Mitsubishi Chemical Group will also expand the source of supply of gallium, whose imports from China through trading companies and others have currently ceased. Currently, it will respond with stockpiles, and if the export control continues for a long time, it will purchase gallium from outside of China.

Japanese companies are also diversifying their sources of supply for raw materials that are not subject to China’s export controls. As for lithium compounds used as raw materials for electrolytes in lithium-ion batteries, Kanto Denka Kogyo is conducting experiments to use compounds from other regions, such as South America. In cooperation with Sumitomo Metal Mining, we are also promoting experiments to verify that lithium can be extracted from used EV batteries and reprocessed into electrolytes.
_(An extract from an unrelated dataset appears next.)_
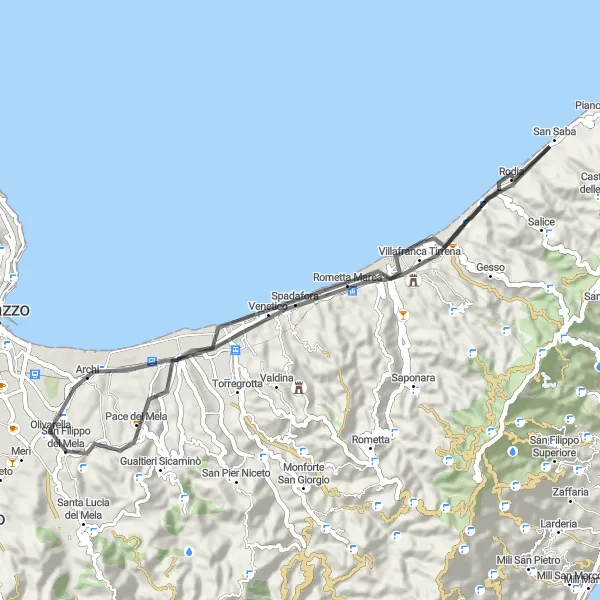 Miniatura della mappa di ispirazione al ciclismo "Giro in bicicletta di 55 km da San Filippo del Mela" nella regione di Sicilia, Italy. Generata da Tarmacs.app, pianificatore di rotte ciclistiche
The Japanese government hopes to secure the stability of important materials through diplomatic channels and financial support for companies. At the China-Japan summit meeting on November 16, both sides confirmed that a new China-Japan export control dialogue mechanism will be established. Officials at the level of Director General in charge of trade will consult regularly on the export control situation of the two countries.

Japan’s Ministry of Economy, Trade and Industry (METI) has included 260 billion yen in the 2023 supplemental budget to support the manufacturing of storage batteries in Japan. Japanese companies that are committed to the localization of artificial graphite, which is used as negative electrode material, will be the target of support.

Japan’s FY2022 supplemental budget provides about 200 billion yen for mine development, smelting and processing of important minerals. Japanese companies will be able to receive up to half of the subsidy when they promote the development of rare metals overseas. It is envisioned to be used for the non-ferrous metals industry, etc.

Meanwhile, overseas companies are also stepping up their efforts to cope with the stagnation of procurement from China. POSCO Future M (formerly POSCO Chemical), a South Korean battery material company, will advance the production of synthetic graphite using coal tar, which can be procured domestically, as a raw material. The plan is to advance production from the first half of 2024, which was originally envisioned, to within the year.